Conventionally, there has been an attempt to increase mechanical properties compared to metals such as aluminum and to reduce weight at the same time by manufacturing a reflector with a thermoplastic resin. The thermoplastic resin itself has high formability and processability, but on the other hand, when high heat is applied, there is a problem in that the thermal conductivity is low and deformation easily occurs. In addition, since the thermoplastic resin itself is a polymer and has no electrical conductivity, there is a problem in that it cannot block electromagnetic waves generated from a high-intensity light source such as an organic light emitting diode (OLED).

Meanwhile, attempts have been made to impart electrical conductivity to a thermoplastic resin using carbon nanotubes as a conductive additive in a small amount. However, when carbon nanotubes are mixed with a thermoplastic resin and injected to increase electrical conductivity, the shear stress generated during the injection process causes the mobility and orientation of the carbon nanotubes to appear, which leads to a gap between the carbon nanotubes in the electrically conductive thermoplastic resin. The connection is rather disconnected, resulting in a problem of deterioration in electrical conductivity.

In addition, there has been an attempt to increase the thermal conductivity of the reflector by using a large amount of conventional ceramic particles, for example, by using 50% by weight or more based on the total content of the reflector. However, when a large amount of ceramic particles are used in a thermoplastic resin, the surface roughness is rough and diffuse reflection occurs, and there is still a problem of showing low mechanical strength and thermal conductivity to use an OLED light source.

On the other hand, the present researchers manufactured an integrated reflector by injection molding with a mixed material in which engineering plastic resin, ceramic particles, carbon fibers, compatibilizers, and carbon nanotubes were mixed in a specific composition ratio. Accordingly, it is possible to provide a reflector that is lightweight, has high strength, and can control both electrical conductivity and thermal conductivity by optimizing the combination of carbon fibers, compatibilizers, and carbon nanotubes. Accordingly, it is possible to provide a reflector having excellent heat dissipation effect and electromagnetic wave blocking effect.

Hereinafter, the material of the reflector according to an embodiment of the present invention will be described in more detail.

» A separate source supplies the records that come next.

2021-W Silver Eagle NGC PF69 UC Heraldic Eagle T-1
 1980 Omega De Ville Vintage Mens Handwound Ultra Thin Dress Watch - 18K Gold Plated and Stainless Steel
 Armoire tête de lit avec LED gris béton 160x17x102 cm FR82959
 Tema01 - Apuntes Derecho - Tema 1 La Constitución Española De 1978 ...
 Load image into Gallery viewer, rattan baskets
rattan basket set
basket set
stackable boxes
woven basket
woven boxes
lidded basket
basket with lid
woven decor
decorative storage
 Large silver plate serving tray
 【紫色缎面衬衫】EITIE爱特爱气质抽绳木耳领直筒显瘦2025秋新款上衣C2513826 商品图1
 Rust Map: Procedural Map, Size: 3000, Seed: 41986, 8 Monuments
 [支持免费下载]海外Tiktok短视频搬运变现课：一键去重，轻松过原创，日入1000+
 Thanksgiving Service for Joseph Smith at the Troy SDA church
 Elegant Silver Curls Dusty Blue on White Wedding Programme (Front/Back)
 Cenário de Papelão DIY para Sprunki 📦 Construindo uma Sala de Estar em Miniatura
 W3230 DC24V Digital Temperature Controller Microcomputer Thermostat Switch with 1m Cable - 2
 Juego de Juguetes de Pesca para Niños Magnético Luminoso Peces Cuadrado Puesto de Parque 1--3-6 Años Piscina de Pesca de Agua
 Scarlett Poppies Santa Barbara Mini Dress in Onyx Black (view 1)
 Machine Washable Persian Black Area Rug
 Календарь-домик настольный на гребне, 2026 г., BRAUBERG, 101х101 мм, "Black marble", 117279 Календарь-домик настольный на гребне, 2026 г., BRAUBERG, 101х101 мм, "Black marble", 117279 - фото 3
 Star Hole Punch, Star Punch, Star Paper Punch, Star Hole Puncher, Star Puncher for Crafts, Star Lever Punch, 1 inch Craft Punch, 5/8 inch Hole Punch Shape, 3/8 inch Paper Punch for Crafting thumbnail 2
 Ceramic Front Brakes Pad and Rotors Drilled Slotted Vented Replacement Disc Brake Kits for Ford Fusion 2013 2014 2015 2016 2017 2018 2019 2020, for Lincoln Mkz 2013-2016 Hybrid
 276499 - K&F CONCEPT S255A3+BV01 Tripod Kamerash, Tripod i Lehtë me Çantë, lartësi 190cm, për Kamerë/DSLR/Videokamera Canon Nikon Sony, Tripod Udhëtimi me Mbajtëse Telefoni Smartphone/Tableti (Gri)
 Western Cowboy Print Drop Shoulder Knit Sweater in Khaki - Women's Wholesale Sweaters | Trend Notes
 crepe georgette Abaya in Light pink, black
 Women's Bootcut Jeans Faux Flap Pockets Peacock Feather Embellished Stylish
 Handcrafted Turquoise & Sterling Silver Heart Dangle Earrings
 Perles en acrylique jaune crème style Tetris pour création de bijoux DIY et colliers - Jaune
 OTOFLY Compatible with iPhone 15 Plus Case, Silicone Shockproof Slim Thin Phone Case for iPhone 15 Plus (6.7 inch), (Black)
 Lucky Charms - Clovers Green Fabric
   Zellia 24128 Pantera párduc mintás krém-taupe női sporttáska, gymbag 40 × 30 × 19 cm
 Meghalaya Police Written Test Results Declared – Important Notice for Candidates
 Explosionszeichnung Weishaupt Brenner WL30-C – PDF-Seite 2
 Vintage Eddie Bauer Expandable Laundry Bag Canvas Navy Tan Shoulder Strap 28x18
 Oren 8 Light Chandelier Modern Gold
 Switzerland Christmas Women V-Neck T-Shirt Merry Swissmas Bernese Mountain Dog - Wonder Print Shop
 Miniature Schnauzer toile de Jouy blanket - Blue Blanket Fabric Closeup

The reflector according to one aspect of the present invention is characterized by including an engineering plastic resin, ceramic particles, carbon fibers, a compatibilizer, and carbon nanotubes.

(A) engineering plastic resin

A reflector according to one aspect of the present invention includes an engineering plastic resin. Specifically, the engineering plastic resin may be polyamide, and more specifically, PA 6.

Polyamide has a high heat distortion temperature of 190 ° C. or more, low mass production cost, high design availability, and light weight compared to metal, yet high strength and heat resistance equal to or higher than that of metal. In particular, PA 6 has excellent tensile strength, impact resistance, abrasion resistance, chemical resistance and low friction coefficient, has a lower melting point than PA 66, and has a wide process temperature range.

Considering moldability, the engineering plastic resin preferably has a relative viscosity of 1.5 to 5, more preferably 2 to 4.5, measured at a concentration of 1 g/dl at 25°C. If the relative viscosity is less than 1.5, since the viscosity is low, it may be difficult to obtain desirable physical properties due to difficulty in processing after mixing. In addition, if it is larger than 5, the flowability during molding is poor due to high viscosity, and since sufficient injection pressure is not applied, it may be difficult to make a reflector.

In one specific embodiment of the present invention, the reflector may include 35 to 45 parts by weight of the engineering plastic based on 100 parts by weight of the total content of the reflector. It is possible to provide a light reflector having high processability within the above content range, high mechanical properties, and excellent heat dissipation and electromagnetic wave blocking effects.

(B) ceramic particles

Ceramic particles are added to compensate for the low thermal conductivity of engineering plastics.

In order to solve this problem, the ceramic particles are included in 35 to 45 parts by weight based on 100 parts by weight of the total content of the reflector, and the content of the ceramic particles is the same as the content of the engineering plastic, or the difference between the two is 10 parts by weight It is preferable to add less so that it becomes below. When the ratio of the ceramic particles is the same as above, the mechanical strength and thermal conductivity can be increased while reducing the weight of the reflector, and the problem of rough surface roughness due to injection molding due to breakage of the ceramic particles can be reduced.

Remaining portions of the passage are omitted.